#start of lec 13
He has good news. he's excited to tell us about electric currents!
$my''+by'+ky=F_{o}\cos(\gamma t)$ the system has an applied force with a forcing frequency of $\gamma$ and an amplitude of $F_{o}$ (a constant)
$b^2-4mk<0$ (complex roots)
$y_{h}(t)=e^{-bt/2m}\left( c_{1}\cos\left( \frac{\sqrt{ 4mk-b^2 }}{2m} t\right)+c_{2}\sin\left( \frac{\sqrt{ 4mk-b^2 }}{2m} t\right) \right)$
$y_{h}(t)=Ae^{-bt/2m}\sin(\omega t+\phi)$ where $\omega$ is angular frequency and equals $\frac{\sqrt{ 4mk-b^2 }}{2m}$
where $Ae^{-bt/2m}$ is called the transient part of the equation (makes equation go to 0 as t->$\infty$)
We guess: $y_p=A_{1}\cos(\gamma t)+A_{2}\sin(\gamma t)$ where $\gamma\ne \omega$ because if $\gamma=\omega$ and b=0 then we would have to multiply our guess by t.
$A_{1}=\frac{F_{o}(k-m\gamma)}{(k-m\gamma^2)^2+b^2\gamma^2}$
$A_{2}=\frac{F_{o}b\gamma}{(k-m\gamma^2)^2+b^2\gamma^2}$
$y_{p}(t)=\frac{F_{o}}{(k-m\gamma^2)^2+b^2\gamma^2}((k-m\gamma^2 )\cos(\gamma t)+b\gamma \sin \gamma t)$
$\sin(\alpha+\beta)=\sin \alpha \cos \beta+\cos \alpha \sin \beta$
$k-m\gamma^2=A\sin \theta$
$br=A\cos \theta$
$A=\sqrt{ (k-m\gamma^2)^2+b^2\gamma^2 }$
$\tan \theta=\frac{k-m\gamma^2}{b\gamma}$
$y_{p}(t)=\frac{F_{o}}{(k-m\gamma^2)^2+b^2\gamma^2}((k-m\gamma^2 )\cos(\gamma t)+b\gamma \sin \gamma t)=\frac{F_{o}\sqrt{ (k-m\gamma^2)^2+b^2\gamma^2 }}{(k-m\gamma^2)^2+\beta^2\gamma^2}\sin(\gamma t+\theta)$
$=\frac{F_{o}}{\sqrt{ (k-m\gamma^2)^2+b^2\gamma^2 }}\sin(\gamma t+\theta)$
where we define $\mu(\gamma)=\frac{1}{(k-m\gamma^2)^2+b^2\gamma^2}$ called the gain factor
and the general solution is $y(t)=y_{h}(t)+y_{p}(t)$

see how y_h goes to zero but y_p stays? y_p is the steady state part of the solution. if you were to graph it you would see a wah wah effect that decays to zero.

if we make the value in the denominator of the gain factor small the amplitude goes to a very high value, higher than $F_{o}$ this is equivalent to tuning a radio circuit to resonate to a certain transmitted frequency, the amplitude grows to a great value in the receiver when excited with the right frequency.
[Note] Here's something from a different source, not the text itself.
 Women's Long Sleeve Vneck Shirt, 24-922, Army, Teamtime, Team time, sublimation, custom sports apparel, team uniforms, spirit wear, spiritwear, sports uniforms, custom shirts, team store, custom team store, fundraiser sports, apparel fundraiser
This is resonance! as b (friction) decreases to zero we get stronger and stronger resonance.
lets find the maximum of the amplitude (resonance point)
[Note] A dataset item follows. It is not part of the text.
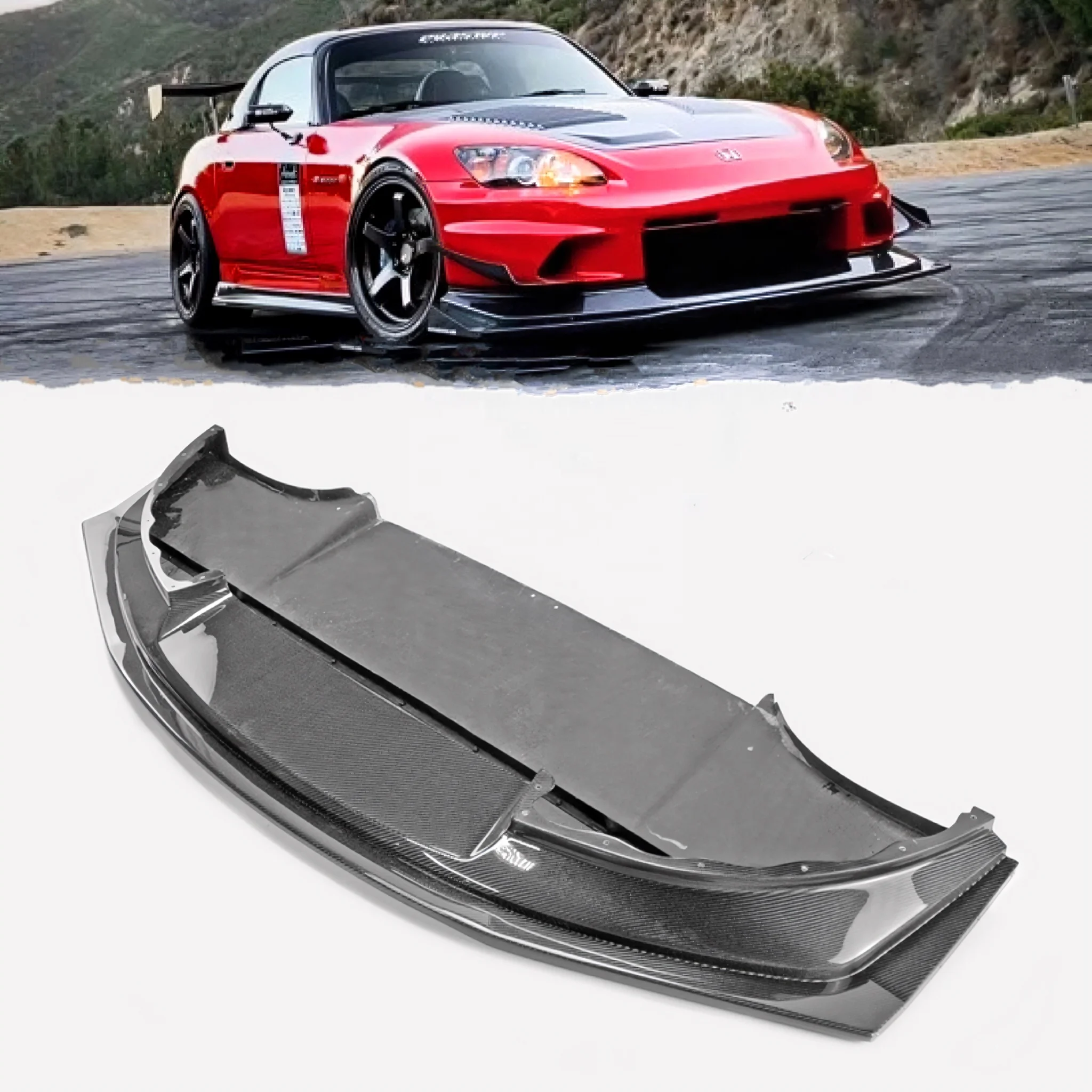 

Fist for Honda S2000 AP1 AP2 VTX Track Type Front Bumper Lip S2000 Carbon LIP (Track Use)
$\mu'(\gamma)=-\frac{{2m^2\gamma\left( \gamma^2-\left( \frac{k}{m}-\frac{b^2}{2m^2} \right) \right)}}{[(k-m\gamma^2)^2+b^2\gamma^2]^{3/2}}=0$
cases: $\gamma=0$ not interesting, beacuse then the force applied is a constant force.
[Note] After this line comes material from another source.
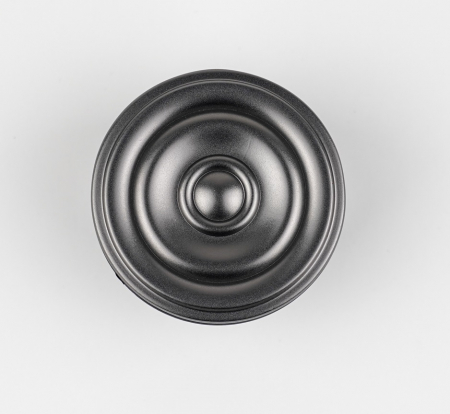 Buton pentru mobila Snail, finisaj negru gun metal CB, Ø:50 mm [1]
$\gamma_{r}=\sqrt{ \frac{k}{m}-\frac{b^2}{2m^2} }$ where the r means resonance
by taking second derivative$\mu_{max}(\gamma_{r})=\frac{2m}{b\sqrt{ 4mk-b^2 }}$
if $b^2\geq 4mk>2mk$ (overly damped/critically damped case) (no resonance, imaginary numbers) $\gamma=0$
if $b^2<2mk<4mk$ (assumed from the beginning above) then we get a resonant frequency $\gamma_{r}=\sqrt{\frac{  2mk-b^2}{2m^2}}$

what if b=0? (no resistance):
$my''+ky=F_{o}\cos(\gamma t)$
$y_{h}(t)=c_{1}\cos \omega t+c_{2}\sin \omega t$ , $\omega=\sqrt{ \frac{k}{m} }$
$=A\sin(\omega t+\phi)$

$y_{p}(t)=A_{1}\cos(\gamma t)+A_{2}\sin(\gamma t)$
assume $\gamma=\omega$ with zero resistance we get:
$y_{p}(t)=\frac{F_{o}}{2m\omega}t\sin \omega t \underset{ t\to \infty }{ \to }\infty$ (your circuit blows up! Or equivalently, your bridge collapses.)
#end of lec 13